Great. So now I was left to become blind and accused of being effeminate. My emotional state was vacillating between panic and anger, but what I felt most was embarrassment. I was embarrassed for seeming like a hypochondriac, which wasn’t a word I was quite familiar with at that age, so I really just felt like a sissy. It wasn’t a good feeling but I couldn’t waste time wallowing and had to concentrate on more exigent issues like saving my sight and future. I remembered among the health and sanitation practices that were reiterated in many of the State Department documents, was to often wash one’s hands. That and boiling any water to be consumed that wasn’t bottled water were emphasized strongly. Water boiling may not have been applicable in this particular emergency, but washing hands was. So wash my hands I did. Very well. Perhaps excessively, but the longer I washed them the less anxiety I felt about becoming blind. While it was probably just the passage of time from the moment I initially noticed my drooping eyelid, (it was almost normal in appearance now), that was diminishing my alarm, I felt cleaner and better by washing my hands nonetheless.
Eventually I felt almost completely calm. I would still examine my eyelid in the mirror throughout the day (and well into the next day), but seeing no changes assured me enough to eventually believe I would be ok. Later that morning, one of my friends called over to see if I wanted to play outside. I did and after getting permission from my mom, who was still being short with me, I headed to my room to change. I dressed quickly, yet when I went to wear my trusty Converse high tops, I paused. Since I was feeling more “fresh” after my thorough hand washing, it may be better to wear my newer pair of canvas shoes. I hadn’t ever worn them for outdoor play. They were mainly for wearing to “nice events” such as when my family was invited to dinners at my parents’ friends’ homes, but I wanted a fresh start to the rest of the day, so the canvas shoes it would be. Tying the laces was somewhat less fluid than usual, but I chalked that up to the newness of the lace cord and not to my now very dry, moisture-stripped hands.

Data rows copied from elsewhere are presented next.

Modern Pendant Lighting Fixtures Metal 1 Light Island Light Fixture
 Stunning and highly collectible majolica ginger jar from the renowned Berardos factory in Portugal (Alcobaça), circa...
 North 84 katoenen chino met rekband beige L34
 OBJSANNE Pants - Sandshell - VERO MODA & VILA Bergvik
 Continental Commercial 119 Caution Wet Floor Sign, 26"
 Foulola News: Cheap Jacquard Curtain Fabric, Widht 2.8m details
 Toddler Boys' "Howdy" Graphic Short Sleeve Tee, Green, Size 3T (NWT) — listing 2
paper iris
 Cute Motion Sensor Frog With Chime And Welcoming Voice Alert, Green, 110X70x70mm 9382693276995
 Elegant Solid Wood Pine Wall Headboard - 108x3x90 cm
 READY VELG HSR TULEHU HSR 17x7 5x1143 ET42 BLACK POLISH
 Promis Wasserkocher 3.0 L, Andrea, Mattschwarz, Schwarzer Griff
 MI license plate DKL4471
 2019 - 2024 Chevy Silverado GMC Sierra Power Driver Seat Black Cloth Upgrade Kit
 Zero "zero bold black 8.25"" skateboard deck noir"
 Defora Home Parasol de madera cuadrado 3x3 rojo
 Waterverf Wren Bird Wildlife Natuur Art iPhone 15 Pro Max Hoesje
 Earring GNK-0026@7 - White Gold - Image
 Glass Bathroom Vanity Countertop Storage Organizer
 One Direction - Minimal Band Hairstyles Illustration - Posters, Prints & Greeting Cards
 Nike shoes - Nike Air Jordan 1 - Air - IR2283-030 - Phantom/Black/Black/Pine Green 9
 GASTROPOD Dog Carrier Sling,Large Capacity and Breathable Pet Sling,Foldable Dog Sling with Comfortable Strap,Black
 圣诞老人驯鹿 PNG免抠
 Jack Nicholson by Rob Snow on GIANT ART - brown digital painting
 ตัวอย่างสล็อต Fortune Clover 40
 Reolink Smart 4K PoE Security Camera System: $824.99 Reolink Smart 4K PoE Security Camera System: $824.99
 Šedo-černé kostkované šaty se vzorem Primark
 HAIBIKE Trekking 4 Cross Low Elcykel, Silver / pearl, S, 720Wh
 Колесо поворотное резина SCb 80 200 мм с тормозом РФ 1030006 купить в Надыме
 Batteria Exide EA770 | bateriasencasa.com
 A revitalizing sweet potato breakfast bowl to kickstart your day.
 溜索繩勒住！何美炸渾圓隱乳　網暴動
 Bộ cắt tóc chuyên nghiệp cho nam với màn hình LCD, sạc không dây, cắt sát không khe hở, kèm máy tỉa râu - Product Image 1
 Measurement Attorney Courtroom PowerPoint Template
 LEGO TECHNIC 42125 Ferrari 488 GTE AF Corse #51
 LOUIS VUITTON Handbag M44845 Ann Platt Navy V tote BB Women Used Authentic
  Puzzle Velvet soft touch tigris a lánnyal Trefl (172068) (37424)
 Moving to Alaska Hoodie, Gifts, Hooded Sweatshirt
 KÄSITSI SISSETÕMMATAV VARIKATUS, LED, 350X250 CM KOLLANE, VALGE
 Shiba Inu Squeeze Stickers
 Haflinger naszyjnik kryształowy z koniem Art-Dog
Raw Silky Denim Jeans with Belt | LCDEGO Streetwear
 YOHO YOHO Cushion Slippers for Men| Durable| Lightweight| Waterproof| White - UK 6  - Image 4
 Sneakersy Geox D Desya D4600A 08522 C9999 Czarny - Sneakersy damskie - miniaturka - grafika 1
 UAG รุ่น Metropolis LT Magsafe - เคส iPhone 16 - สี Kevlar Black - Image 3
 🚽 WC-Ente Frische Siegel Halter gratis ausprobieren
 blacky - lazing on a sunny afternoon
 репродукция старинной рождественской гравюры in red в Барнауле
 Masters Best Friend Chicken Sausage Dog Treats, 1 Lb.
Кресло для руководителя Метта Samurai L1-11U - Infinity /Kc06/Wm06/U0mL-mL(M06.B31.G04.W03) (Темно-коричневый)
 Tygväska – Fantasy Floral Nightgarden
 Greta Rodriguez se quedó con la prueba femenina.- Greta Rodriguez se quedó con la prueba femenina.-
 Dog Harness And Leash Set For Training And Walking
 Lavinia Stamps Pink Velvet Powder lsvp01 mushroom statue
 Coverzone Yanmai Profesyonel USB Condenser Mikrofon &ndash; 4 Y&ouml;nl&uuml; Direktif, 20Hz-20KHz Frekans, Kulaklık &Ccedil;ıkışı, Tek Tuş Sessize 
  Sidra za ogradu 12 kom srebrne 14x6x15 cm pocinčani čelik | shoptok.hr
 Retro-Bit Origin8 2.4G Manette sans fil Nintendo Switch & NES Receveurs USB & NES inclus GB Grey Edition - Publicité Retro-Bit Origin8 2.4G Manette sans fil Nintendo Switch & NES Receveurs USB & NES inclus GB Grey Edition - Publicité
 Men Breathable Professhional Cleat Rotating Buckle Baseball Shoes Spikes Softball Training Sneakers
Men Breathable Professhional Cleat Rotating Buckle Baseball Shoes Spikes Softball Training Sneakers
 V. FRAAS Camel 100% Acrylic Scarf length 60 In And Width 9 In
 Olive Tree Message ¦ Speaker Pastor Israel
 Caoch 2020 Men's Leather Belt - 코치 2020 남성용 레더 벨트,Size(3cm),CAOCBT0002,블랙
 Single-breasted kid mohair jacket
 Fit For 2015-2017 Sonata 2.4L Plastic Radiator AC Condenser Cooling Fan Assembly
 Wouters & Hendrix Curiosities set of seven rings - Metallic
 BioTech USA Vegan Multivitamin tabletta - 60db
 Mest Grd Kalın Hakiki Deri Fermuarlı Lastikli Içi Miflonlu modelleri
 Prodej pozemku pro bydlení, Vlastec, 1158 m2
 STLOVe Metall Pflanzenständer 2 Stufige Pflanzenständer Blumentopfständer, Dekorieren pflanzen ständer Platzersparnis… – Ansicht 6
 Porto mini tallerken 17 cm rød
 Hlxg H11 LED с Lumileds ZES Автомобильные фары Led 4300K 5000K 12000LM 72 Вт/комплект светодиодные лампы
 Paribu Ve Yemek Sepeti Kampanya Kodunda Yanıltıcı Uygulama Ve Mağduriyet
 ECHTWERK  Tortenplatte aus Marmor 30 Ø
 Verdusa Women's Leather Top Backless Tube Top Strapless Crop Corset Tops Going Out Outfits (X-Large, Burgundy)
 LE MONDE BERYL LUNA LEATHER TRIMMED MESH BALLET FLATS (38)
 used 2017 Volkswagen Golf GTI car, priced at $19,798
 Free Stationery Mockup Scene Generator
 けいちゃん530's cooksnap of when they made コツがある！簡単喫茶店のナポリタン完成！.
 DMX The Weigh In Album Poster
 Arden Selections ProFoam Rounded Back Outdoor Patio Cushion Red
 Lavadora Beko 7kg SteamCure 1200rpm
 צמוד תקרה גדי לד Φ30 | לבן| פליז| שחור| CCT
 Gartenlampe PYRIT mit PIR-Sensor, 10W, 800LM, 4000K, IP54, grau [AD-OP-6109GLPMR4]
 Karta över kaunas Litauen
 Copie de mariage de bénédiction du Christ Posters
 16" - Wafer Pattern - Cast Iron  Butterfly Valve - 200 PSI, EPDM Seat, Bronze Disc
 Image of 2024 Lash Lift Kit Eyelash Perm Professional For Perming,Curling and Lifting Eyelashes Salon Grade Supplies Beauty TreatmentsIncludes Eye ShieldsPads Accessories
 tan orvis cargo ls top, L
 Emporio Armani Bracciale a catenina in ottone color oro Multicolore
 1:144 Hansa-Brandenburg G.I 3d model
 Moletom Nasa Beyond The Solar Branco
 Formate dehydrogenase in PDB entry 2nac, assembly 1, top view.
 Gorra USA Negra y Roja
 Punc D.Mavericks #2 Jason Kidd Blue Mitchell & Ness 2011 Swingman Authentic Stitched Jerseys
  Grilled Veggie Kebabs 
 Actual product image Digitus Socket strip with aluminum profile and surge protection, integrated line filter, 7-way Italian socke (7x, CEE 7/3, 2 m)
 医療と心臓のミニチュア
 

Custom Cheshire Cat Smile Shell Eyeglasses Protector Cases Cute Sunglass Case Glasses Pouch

As I was about to leave my room to head out, I felt a momentary pang of guilt. I knew I shouldn’t scuff my good shoes with outdoor play, but they were just shoes. They were easily replaceable. But that wasn’t why I was feeling guilty. I couldn’t quite place why I was feeling uneasy, but I felt it as I glanced back at my worn-in high top Converse shoes resting in my closet corner. Why was I avoiding them? Was I avoiding them? I probably would wear those tomorrow again anyway, so it was fine to take a break from them. I mean they still had a lot of wear in them, so yeah, I would definitely wear them again. I just didn’t feel like wearing them now. I just needed to feel fresh and for some reason my Chuck Taylors were reminding me of all the remote places I ventured into while wearing them. Places that may not have been as “safe” as I had thought. Places where one could acquire an obscure illness of some kind. Still, I loved my Converse high tops! They were part of “my look” and having a trademark at that age was essential. Of course I would wear them again. I would wear them again a lot! That’s what I thought to myself, almost convincingly, as I left my room.
Weeks later I noticed they weren’t in my closet corner anymore. I assumed my mom removed them, but I wasn’t sure as to when she had done so. I hadn’t worn them since the day of the eyelid scare so my mom possibly thought I didn’t care for them anymore and probably donated them to the local clothing charity. I tried to imagine who their new owner was, but I couldn’t. They had belonged to me and I had attached value to them. It’s somewhat sad knowing that pair was the last high-top Chuck Taylors I would own and probably the first piece of clothing and identity I had sacrificed to OCD. And while I don’t believe something as simple as wearing those shoes that day would have curbed any future degeneration into OCD, I still wish that boy, who so boldly explored Yemen’s treacherous terrain, would have just tried.